Strona:Józef Ignacy Kraszewski - Jaryna.djvu/42

Ta strona została uwierzytelniona.

— A koniecznie! — rzekł stary z uporem. — Co to my żebraki czy co, co się pod płotem swatają? E! taki potrzeba po ludzku i nie żałując.
— Ja pewnie nie pożałuję, kochany Kuźmo, ale widzicie ja od tych zwyczajów już odrosłem, i mnie pilno, bo droga za pasem.
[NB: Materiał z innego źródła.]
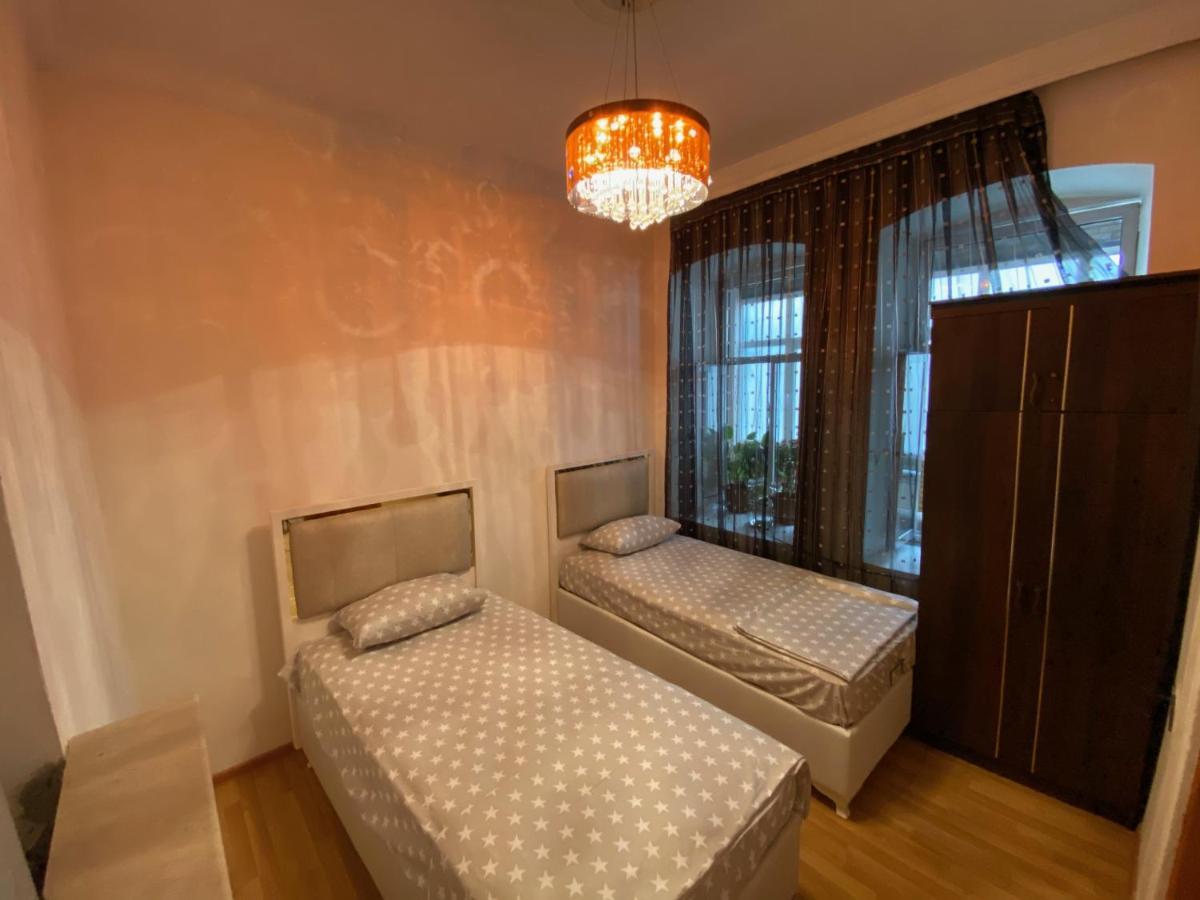 Cozy Old Apartment Baku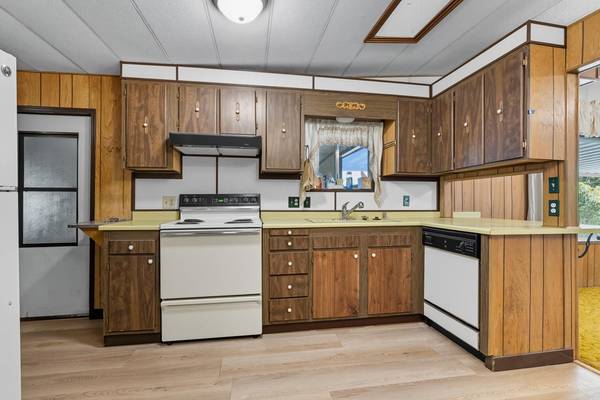 $229,900 / 2br - 1960ft2 - 160 W 380 N - Mobile home for sale with NO HOA (Beryl)64020363963777124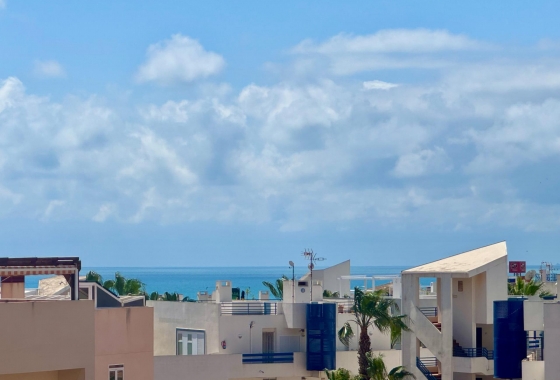 Resale - Apartment - Orihuela Costa - Punta Prima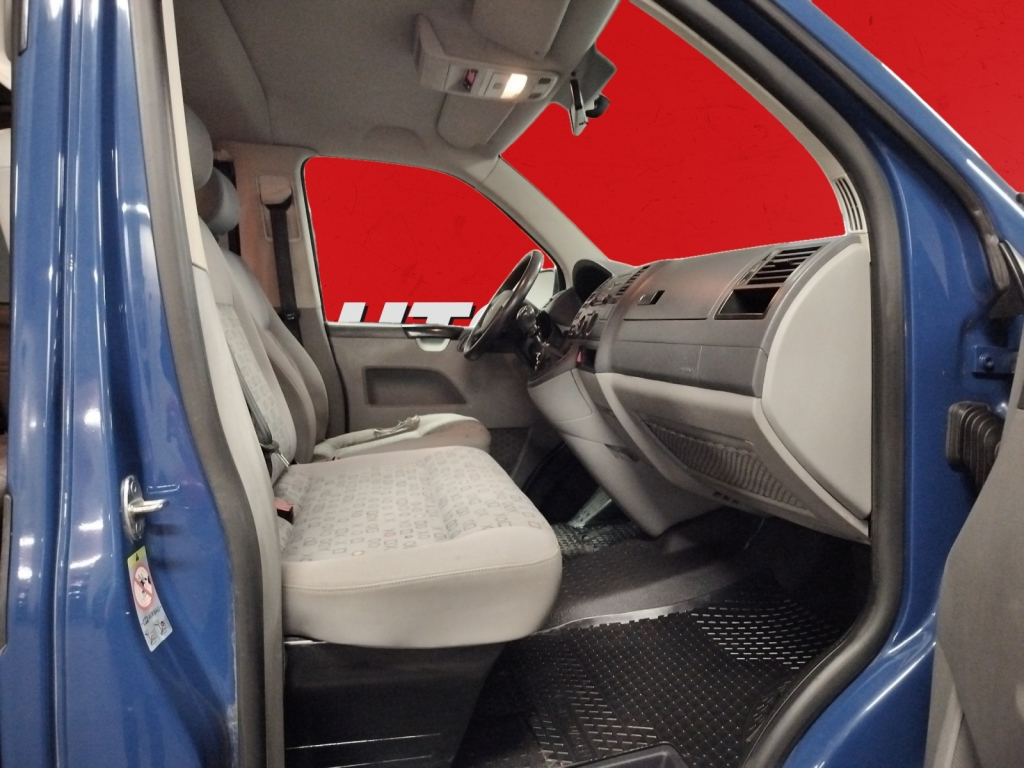 VOLKSWAGEN Caravelle 2009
— Alboż to opóźni? rzekł stary i poskrobał się w głowę nic nie rozumiejąc wyjazdu; lecz powiedziawszy sobie że widać już i nie powinien był rozumieć tego, ruszył się za swatami, za wódką i za całym obrzędem dziewosłębów. Dzięki miłości jaką Bondarczuk miał u ludzi i ciekawości, którą wzbudzało to niespodziane ożenienie jego, zebrali się rychło potrzebni i niepotrzebni i z wielką pociechą starego Kuźmy, odbyło się wszystko wedle odwiecznego rytuału. Nawet Jaryna której z oczów radość patrzała i duma, udawała nieźle i smutek i opór. Tego po niej wymagał zwyczaj; zwyczaj zbudowany na prawidłach, który przy każdym wyjątku tak dziwnym i uciążliwym się zdaje!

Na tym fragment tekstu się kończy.